Repot tired indoor plants — spring is an ideal time to freshen up your indoor plants. Repot any which have been in the same container for over two years. Remove the plant from the original container, shake off some of the old potting mix and repot into the same or a slightly larger container using good quality potting mix. Blend a spoonful of Yates Acticote Pots & Planters through the mix for an instant release of nutrients, then controlled feeding over 12 months. Water the plant thoroughly, allow the water to drain away, then return the plant to its position indoors.

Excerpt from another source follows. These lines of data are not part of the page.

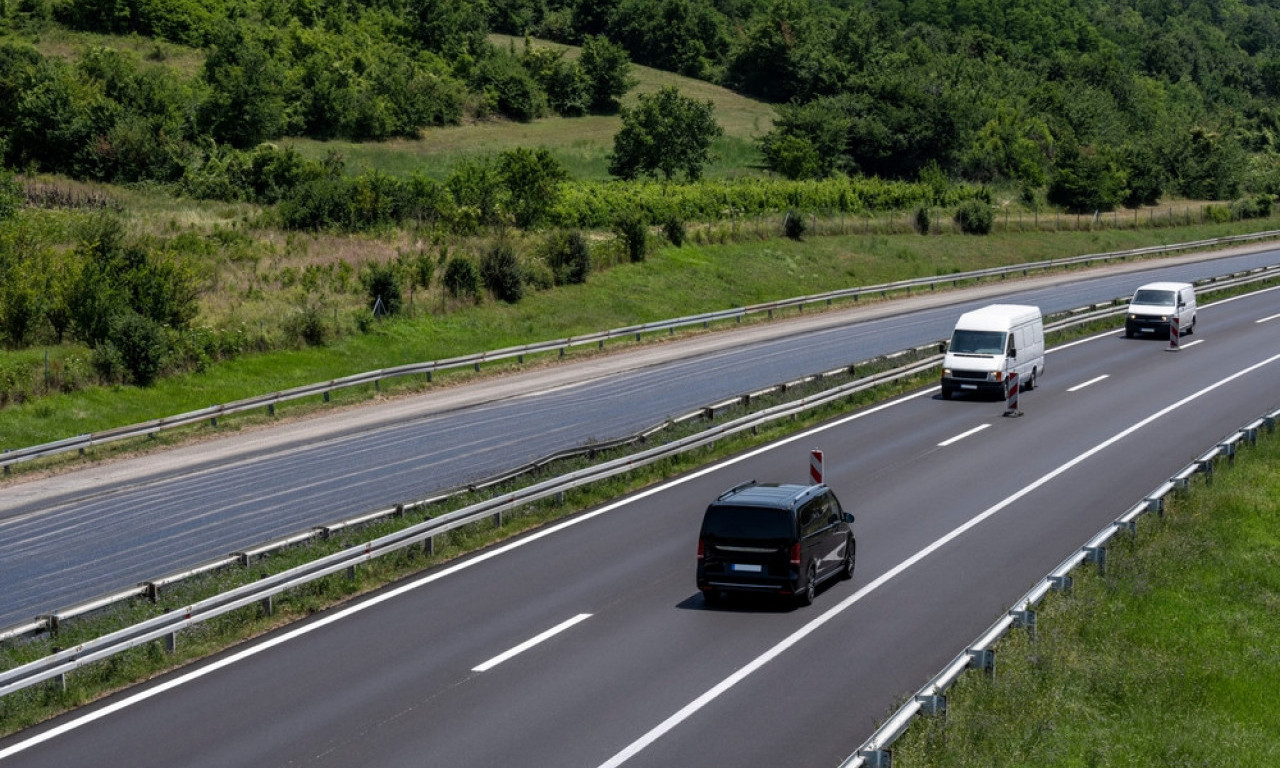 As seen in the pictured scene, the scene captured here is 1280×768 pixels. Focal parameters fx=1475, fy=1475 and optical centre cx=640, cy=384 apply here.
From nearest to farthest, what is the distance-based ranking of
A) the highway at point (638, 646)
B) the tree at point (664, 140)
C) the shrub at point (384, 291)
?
the highway at point (638, 646), the shrub at point (384, 291), the tree at point (664, 140)

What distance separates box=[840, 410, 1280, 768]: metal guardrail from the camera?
14.0 meters

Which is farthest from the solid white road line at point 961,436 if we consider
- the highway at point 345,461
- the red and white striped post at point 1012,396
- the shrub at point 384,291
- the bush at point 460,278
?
the bush at point 460,278

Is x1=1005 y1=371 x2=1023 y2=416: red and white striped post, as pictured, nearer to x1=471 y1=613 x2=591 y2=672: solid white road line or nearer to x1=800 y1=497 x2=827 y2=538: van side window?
x1=800 y1=497 x2=827 y2=538: van side window

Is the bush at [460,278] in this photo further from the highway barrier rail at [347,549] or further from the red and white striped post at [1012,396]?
the red and white striped post at [1012,396]

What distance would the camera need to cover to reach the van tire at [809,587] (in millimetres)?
21359

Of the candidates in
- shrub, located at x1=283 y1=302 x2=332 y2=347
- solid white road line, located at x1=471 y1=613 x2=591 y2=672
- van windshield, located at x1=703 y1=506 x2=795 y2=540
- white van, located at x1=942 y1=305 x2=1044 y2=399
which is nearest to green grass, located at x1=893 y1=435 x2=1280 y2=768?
van windshield, located at x1=703 y1=506 x2=795 y2=540

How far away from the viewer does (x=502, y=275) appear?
61.0 metres

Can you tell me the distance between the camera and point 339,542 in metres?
24.4

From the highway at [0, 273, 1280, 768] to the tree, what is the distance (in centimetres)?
6533

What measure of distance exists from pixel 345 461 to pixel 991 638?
68.8ft

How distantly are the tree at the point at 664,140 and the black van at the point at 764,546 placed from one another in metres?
76.4

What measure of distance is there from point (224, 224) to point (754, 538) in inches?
2120

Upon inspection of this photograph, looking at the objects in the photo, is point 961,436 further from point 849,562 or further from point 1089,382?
point 849,562

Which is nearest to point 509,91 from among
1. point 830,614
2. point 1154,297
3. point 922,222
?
point 922,222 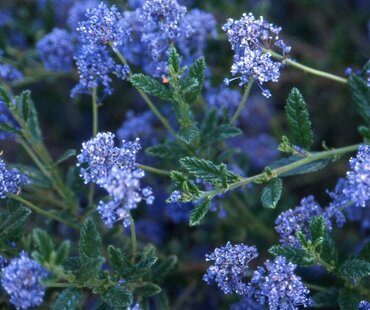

Tip: Keep indoor plants dust free by placing them in the shower for a quick rinse off every four weeks.

Tidy trim backs

Geraniums, pelargoniums, fuchsia and hibiscus can be trimmed back and tidied up now. Use secateurs or hedge shears to remove around a third of the old woody growth, to encourage fresh new growth and lots of summer flowers. Follow pruning with an application of Yates Thrive Flower & Fruit which encourages plenty of new growth and prolific flowering, then a layer of organic mulch for garden plants. Top up potted plants with additional fresh potting mix if the original mix has slumped.

Spring wake up

Liquid fertilisers are an easy and quick way to give spring gardens a much needed post winter refresh. Liquid fertilisers help support the flush of spring growth and encourage lots of flowers. New Yates Thrive Natural Fish & Seaweed + contains a special combination of fish and seaweed, as well as a soil conditioner, which provide organic nutrients and enrich and nurture soils and improve plant nutrient uptake. It’s also boosted with fast acting nutrients for rapid results. Yates Thrive Natural Fish & Seaweed + gives all the health tonic benefits of seaweed as well as the nutrients plants need for healthy growth.